◆ How to complete this task
Start at the line below containing "A New School" and stop at the line containing "Portable Waterproof Drawstring". Repeat every line of that stretch exactly, and nothing outside it.

◆ Entries provided
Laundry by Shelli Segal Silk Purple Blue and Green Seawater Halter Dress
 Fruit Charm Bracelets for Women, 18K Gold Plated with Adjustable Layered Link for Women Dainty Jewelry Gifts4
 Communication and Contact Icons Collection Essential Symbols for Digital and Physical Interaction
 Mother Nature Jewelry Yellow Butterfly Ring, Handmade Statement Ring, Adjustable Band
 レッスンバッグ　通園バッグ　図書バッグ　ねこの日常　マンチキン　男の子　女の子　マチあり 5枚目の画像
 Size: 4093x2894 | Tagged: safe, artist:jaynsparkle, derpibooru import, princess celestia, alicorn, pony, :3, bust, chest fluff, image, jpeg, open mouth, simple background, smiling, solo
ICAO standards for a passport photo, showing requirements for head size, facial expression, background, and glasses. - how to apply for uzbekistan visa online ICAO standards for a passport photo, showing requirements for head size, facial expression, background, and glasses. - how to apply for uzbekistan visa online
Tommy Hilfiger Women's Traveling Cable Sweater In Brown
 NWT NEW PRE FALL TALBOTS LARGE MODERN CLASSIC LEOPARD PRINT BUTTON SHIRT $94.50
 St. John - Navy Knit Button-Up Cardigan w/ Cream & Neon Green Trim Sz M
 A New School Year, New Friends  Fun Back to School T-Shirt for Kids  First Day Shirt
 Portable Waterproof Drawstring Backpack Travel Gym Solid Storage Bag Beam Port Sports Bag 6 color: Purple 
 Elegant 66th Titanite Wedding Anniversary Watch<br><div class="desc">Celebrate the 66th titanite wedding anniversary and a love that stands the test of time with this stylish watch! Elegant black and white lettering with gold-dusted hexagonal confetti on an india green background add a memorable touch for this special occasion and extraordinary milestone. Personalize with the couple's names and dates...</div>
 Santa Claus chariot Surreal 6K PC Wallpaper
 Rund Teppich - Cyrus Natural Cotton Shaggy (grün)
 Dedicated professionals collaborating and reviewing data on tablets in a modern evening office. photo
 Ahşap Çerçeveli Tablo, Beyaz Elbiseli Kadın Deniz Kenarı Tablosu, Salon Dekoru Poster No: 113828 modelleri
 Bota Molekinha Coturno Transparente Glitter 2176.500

◆ Written answer
 A New School Year, New Friends  Fun Back to School T-Shirt for Kids  First Day Shirt
 Portable Waterproof Drawstring Backpack Travel Gym Solid Storage Bag Beam Port Sports Bag 6 color: Purple 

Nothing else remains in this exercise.